DATA EXTRACT:

○ ○ ○ ○ ○

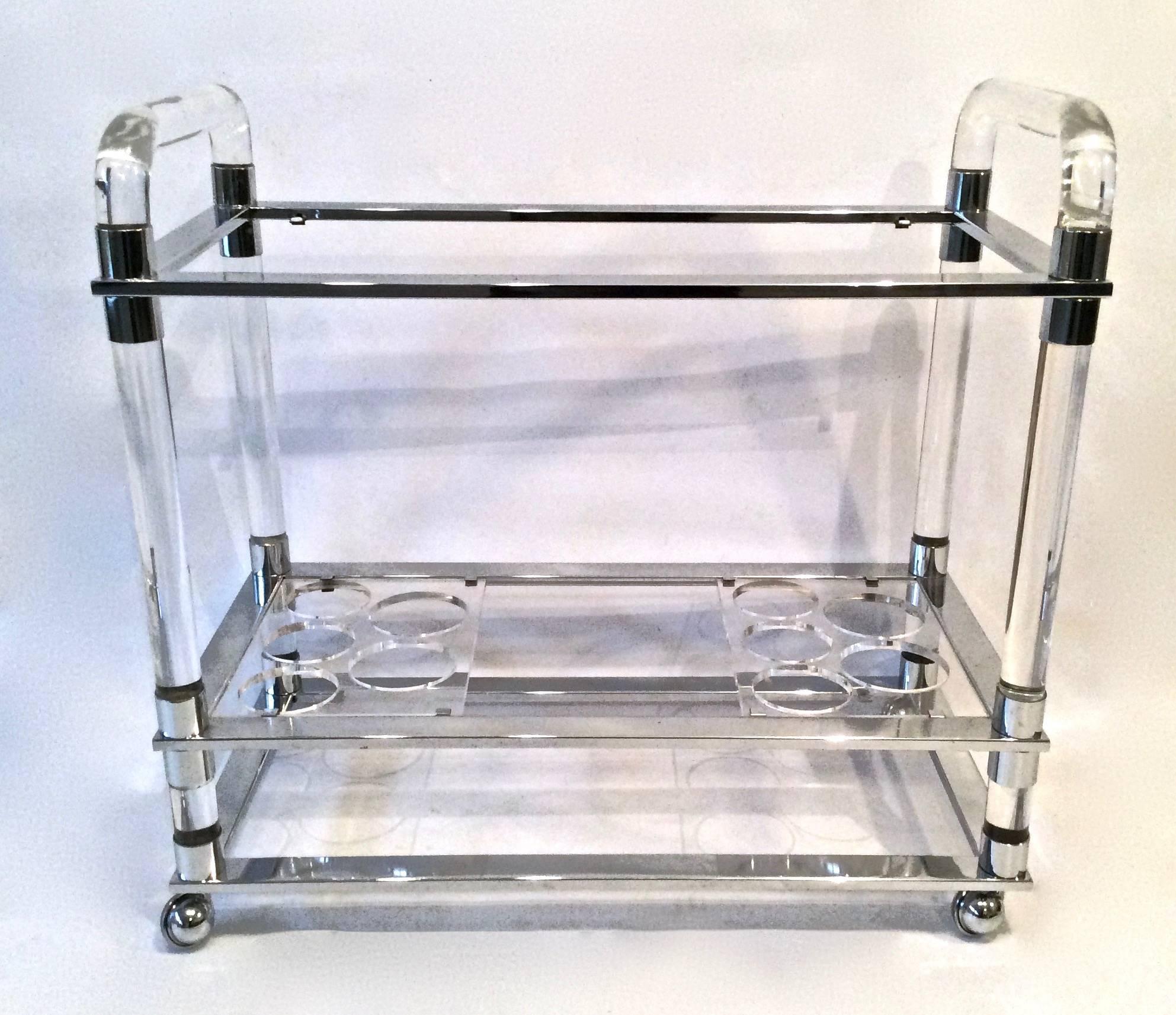 Manner of Milo Baughman glass, chrome and Lucite bar cart on wheels. Thick, clear and chunky Lucite frame, trimmed with bands of chrome around the top glass and bottom tier shelves. Lower tier retains original clear acrylic bottle holder inserts.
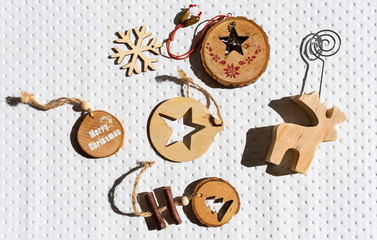 Modern wooden ornaments with Christmas message . Xmas white Background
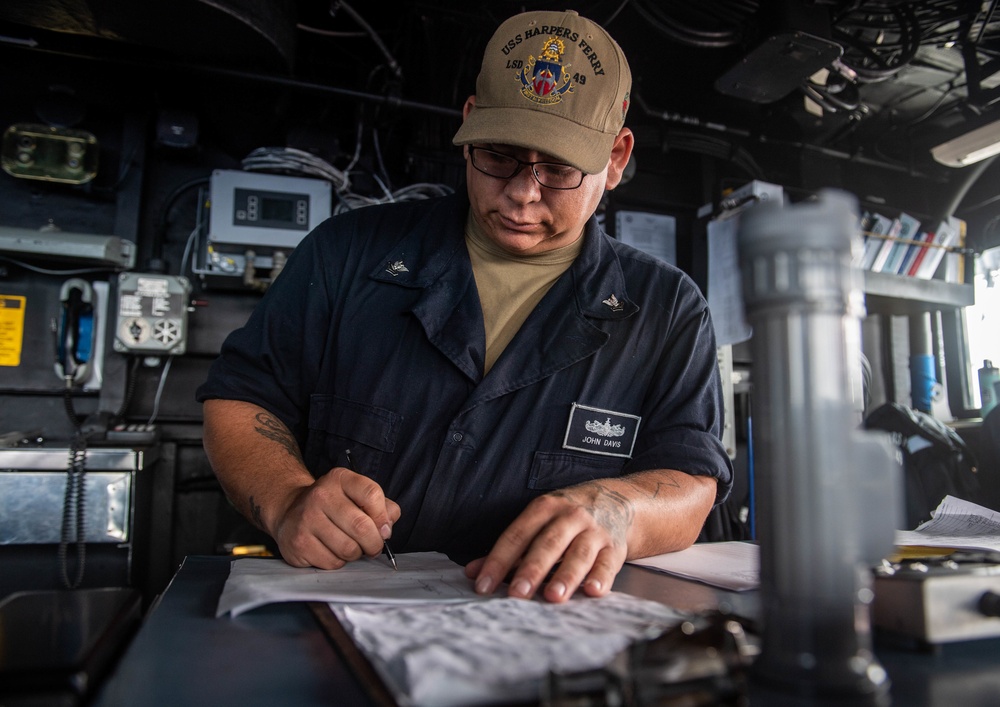 Sailor aboard USS Harpers Ferry Stands Watch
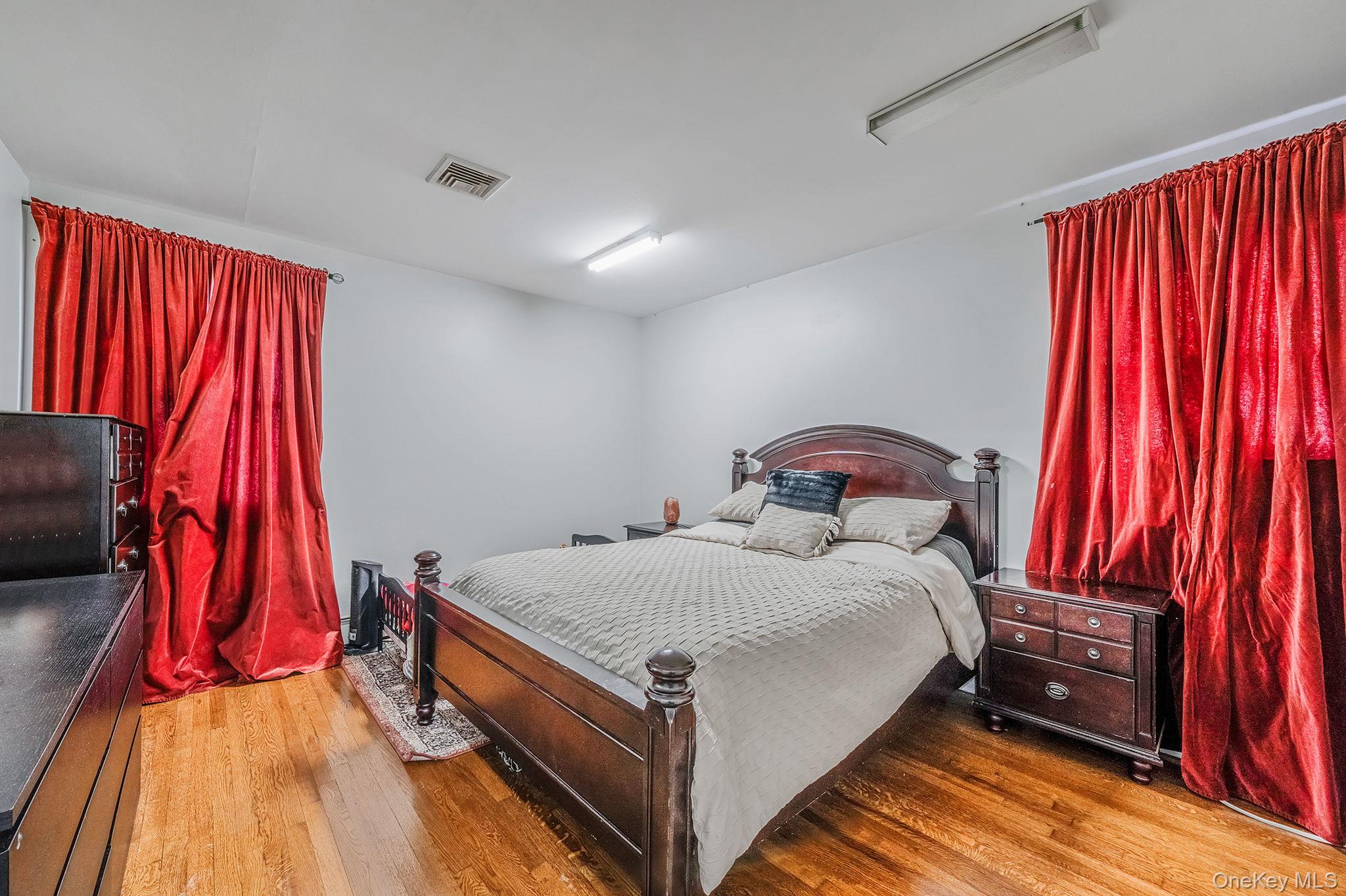 84-70 159th Street Queens, NY 11432 - Photo 16 of 50 Bedroom featuring light wood-style floors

○ ○ ○ ○ ○

WORK TASK: Extract, word for word, every line from the one holding "Modern wooden ornaments" through the closing line of the data above. Do not include any pictures.

RESULT:
 Modern wooden ornaments with Christmas message . Xmas white Background
 Sailor aboard USS Harpers Ferry Stands Watch
 84-70 159th Street Queens, NY 11432 - Photo 16 of 50 Bedroom featuring light wood-style floors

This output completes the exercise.